• [SUPPLIED MATERIAL]

=====

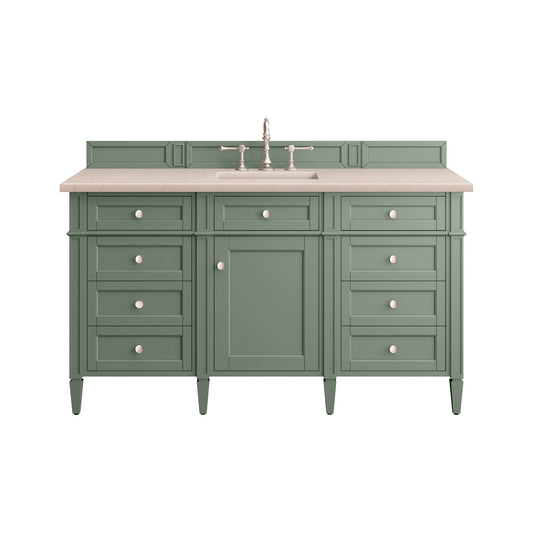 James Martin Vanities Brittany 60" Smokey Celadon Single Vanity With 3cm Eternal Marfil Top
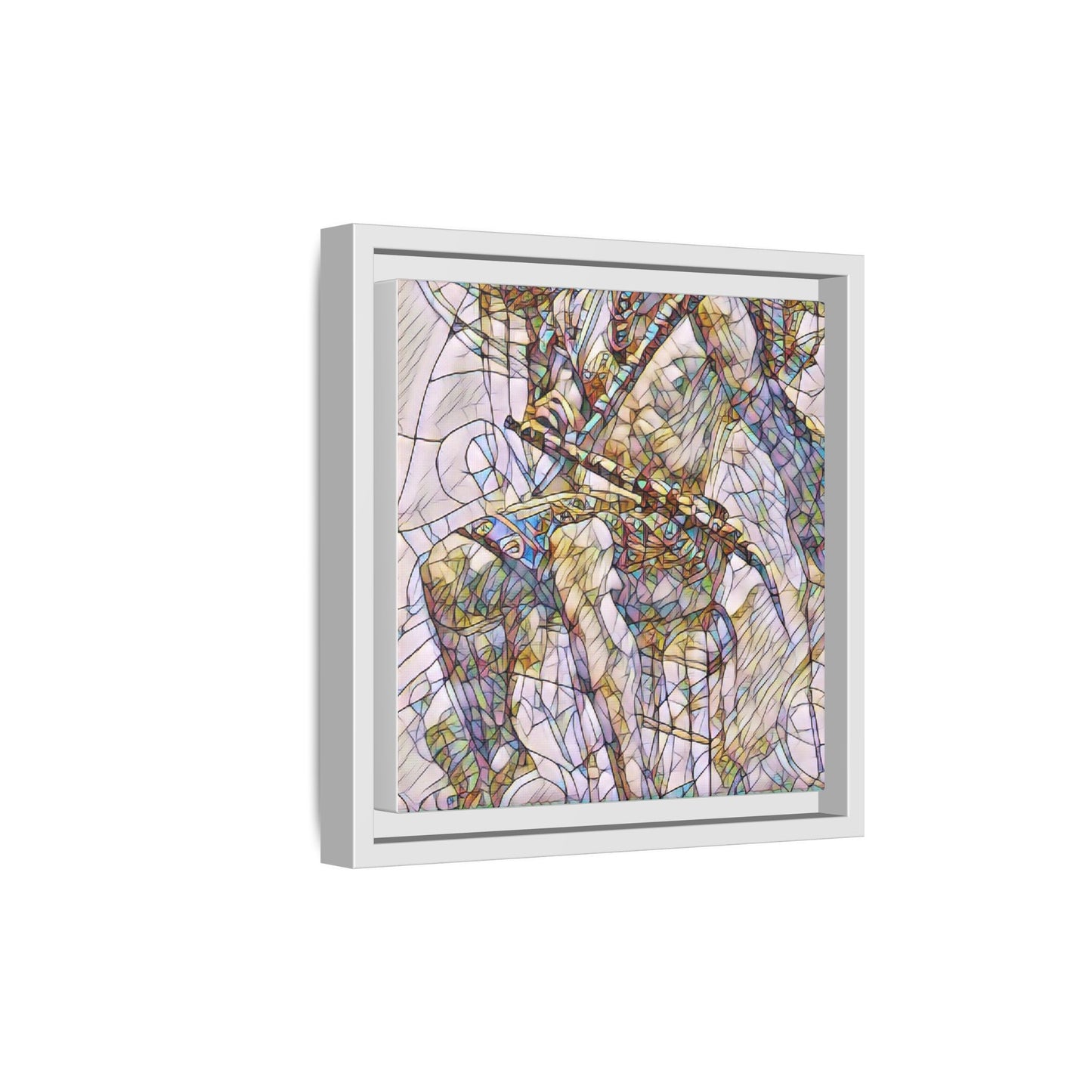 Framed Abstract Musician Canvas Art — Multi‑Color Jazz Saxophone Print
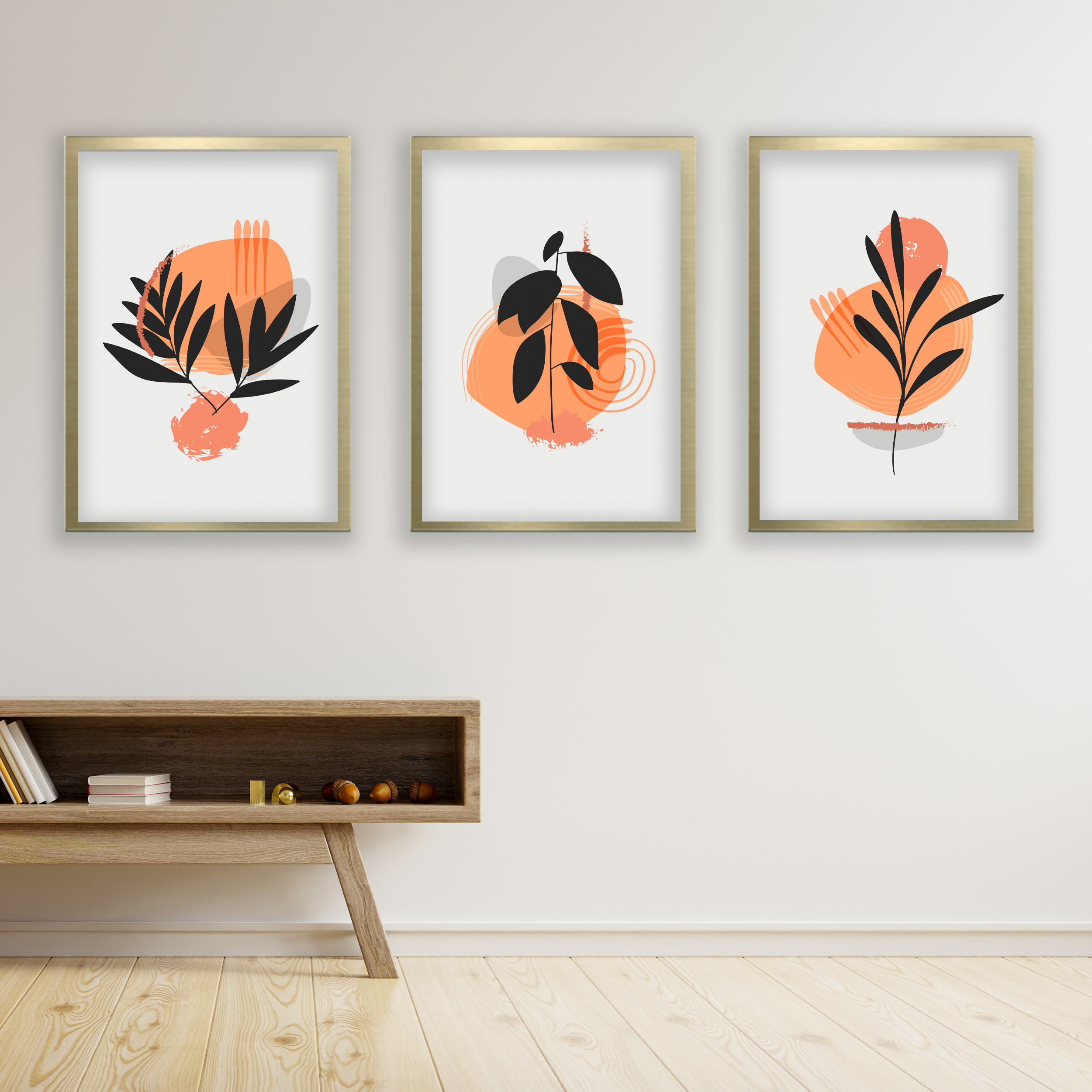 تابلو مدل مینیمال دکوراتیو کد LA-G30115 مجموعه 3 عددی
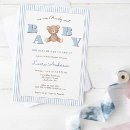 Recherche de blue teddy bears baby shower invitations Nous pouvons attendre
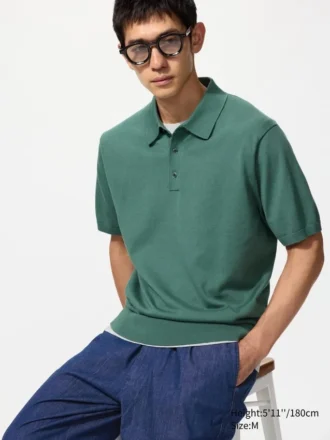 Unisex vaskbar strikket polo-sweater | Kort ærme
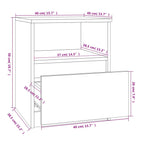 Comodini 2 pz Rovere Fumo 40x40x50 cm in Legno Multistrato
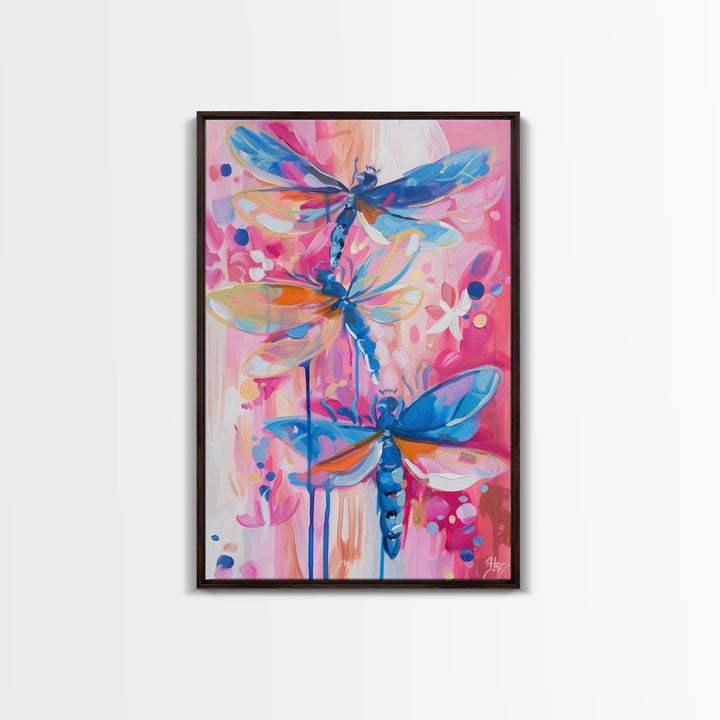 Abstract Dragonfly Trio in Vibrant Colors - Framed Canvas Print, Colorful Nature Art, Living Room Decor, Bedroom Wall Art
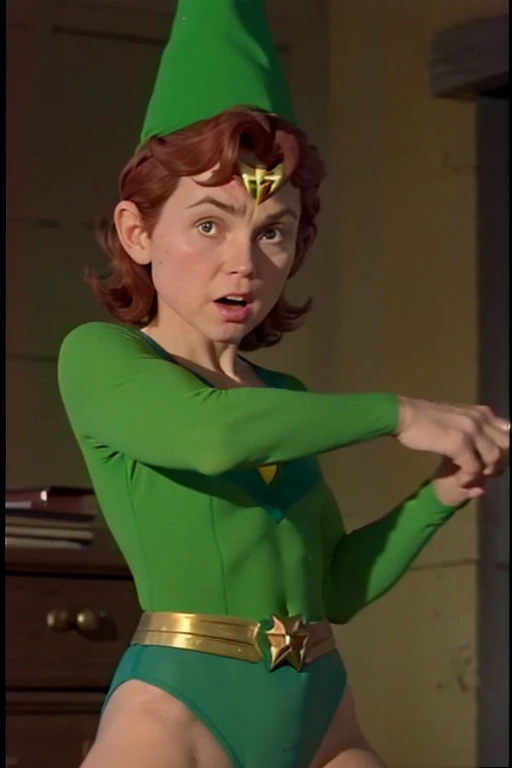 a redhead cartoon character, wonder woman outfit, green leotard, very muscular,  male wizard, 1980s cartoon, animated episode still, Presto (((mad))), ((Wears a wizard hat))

=====

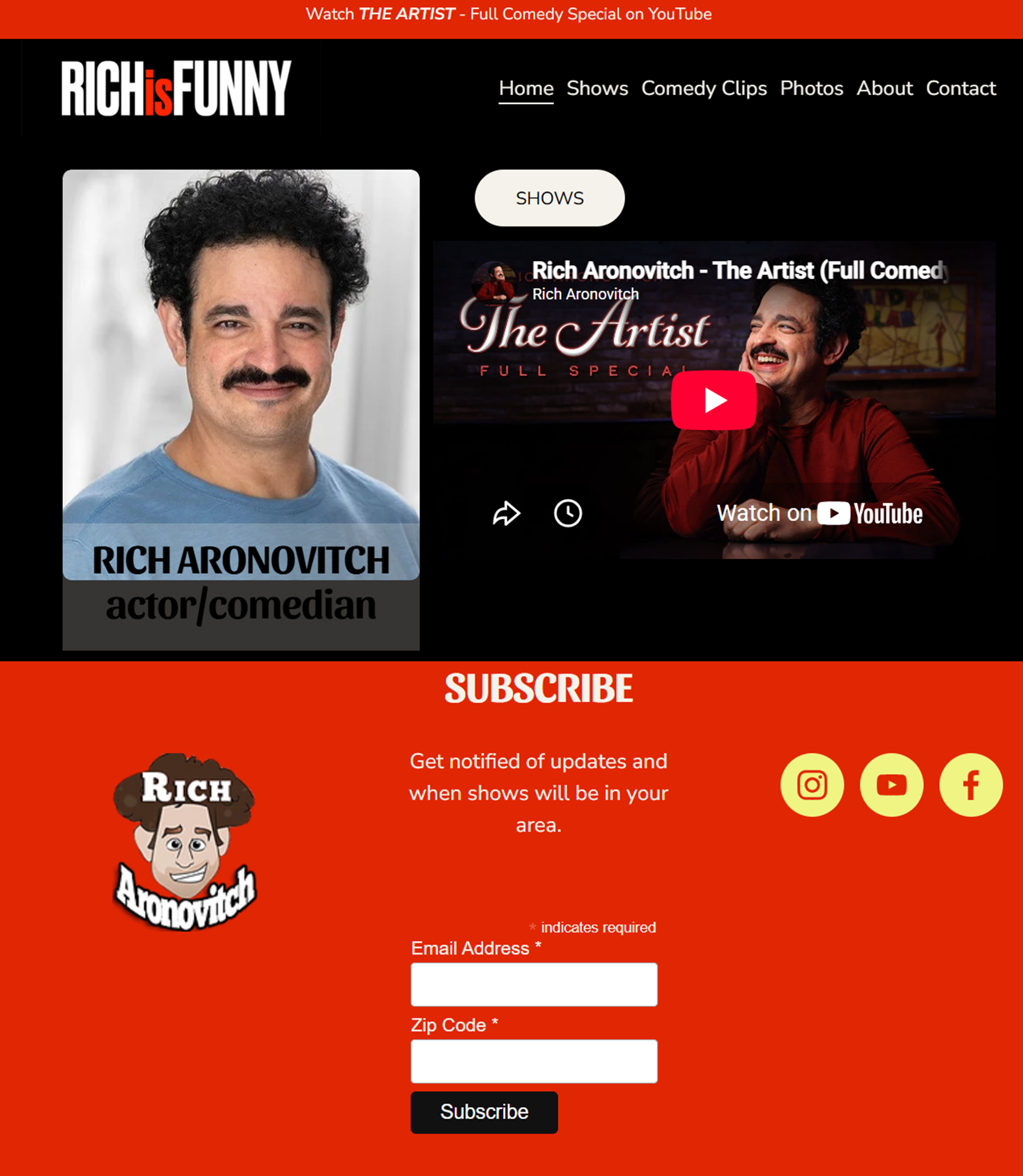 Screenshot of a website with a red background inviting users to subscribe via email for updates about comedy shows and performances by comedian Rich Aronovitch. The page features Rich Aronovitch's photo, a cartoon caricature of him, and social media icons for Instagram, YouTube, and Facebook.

=====

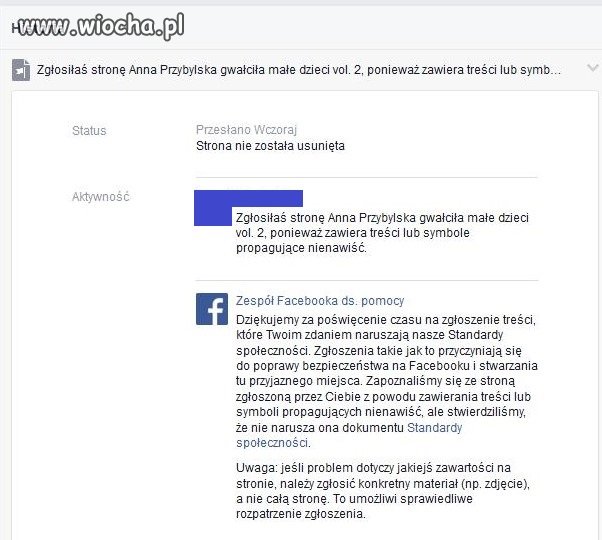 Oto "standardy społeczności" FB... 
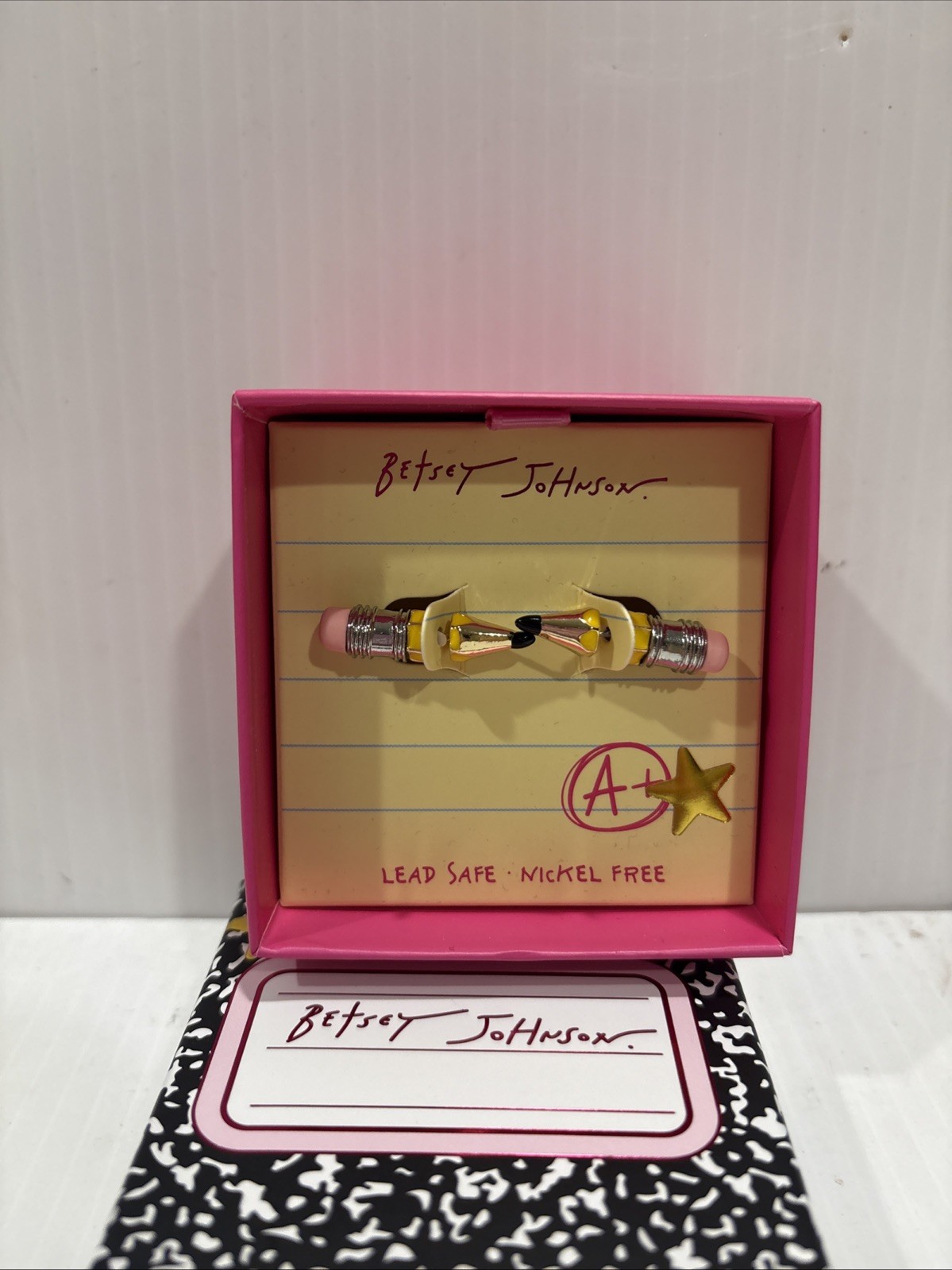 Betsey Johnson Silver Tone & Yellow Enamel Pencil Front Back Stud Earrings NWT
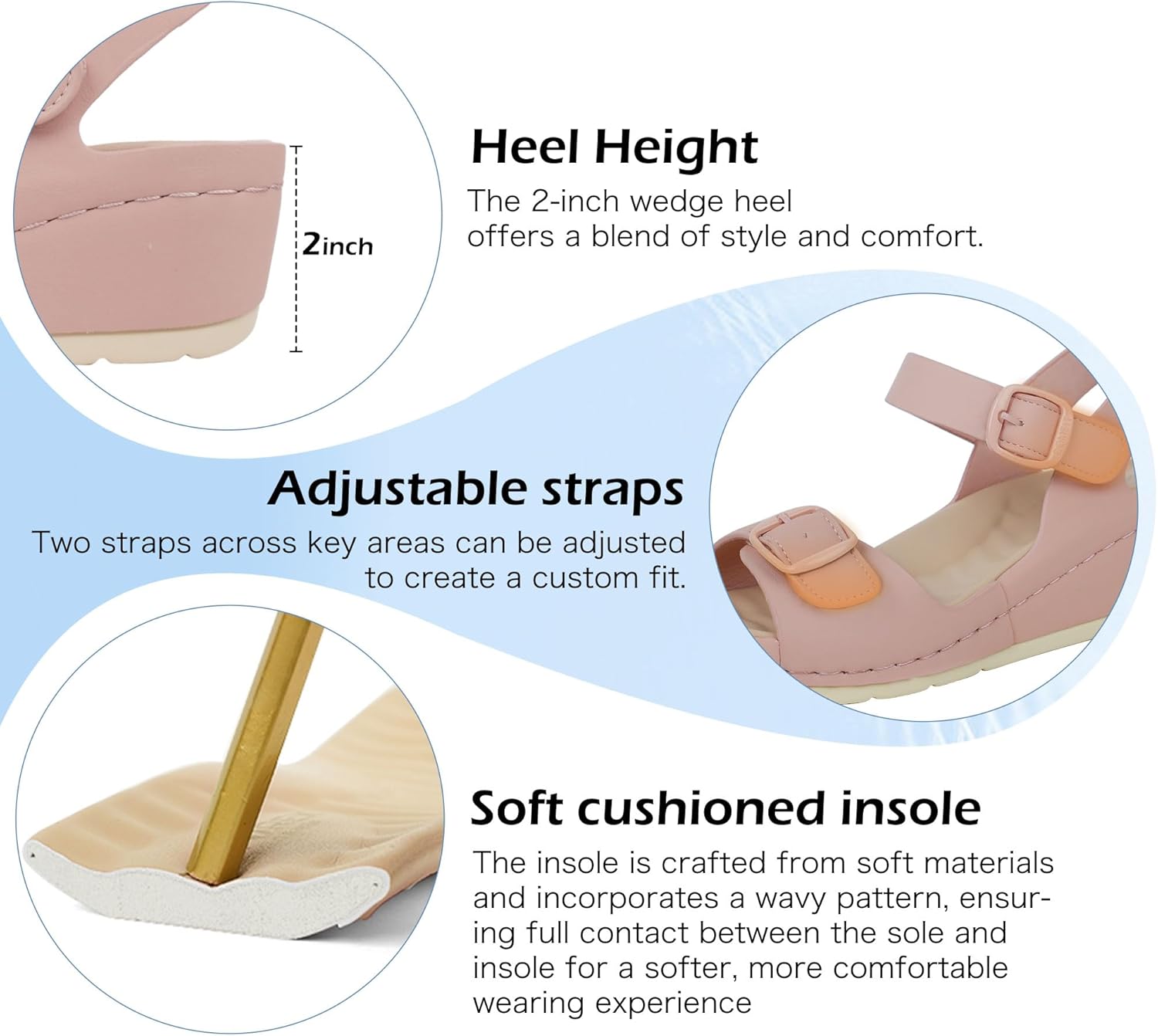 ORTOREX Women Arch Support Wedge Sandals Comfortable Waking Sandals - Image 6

=====

• [TASK PROMPT] From the records above, copy only the lines running from the line holding "تابلو مدل مینیمال" through the line holding "a redhead cartoon", with no pictures.

• [EXERCISE ANSWER]
 تابلو مدل مینیمال دکوراتیو کد LA-G30115 مجموعه 3 عددی
 Recherche de blue teddy bears baby shower invitations Nous pouvons attendre
 Unisex vaskbar strikket polo-sweater | Kort ærme
 Comodini 2 pz Rovere Fumo 40x40x50 cm in Legno Multistrato
 Abstract Dragonfly Trio in Vibrant Colors - Framed Canvas Print, Colorful Nature Art, Living Room Decor, Bedroom Wall Art
 a redhead cartoon character, wonder woman outfit, green leotard, very muscular,  male wizard, 1980s cartoon, animated episode still, Presto (((mad))), ((Wears a wizard hat))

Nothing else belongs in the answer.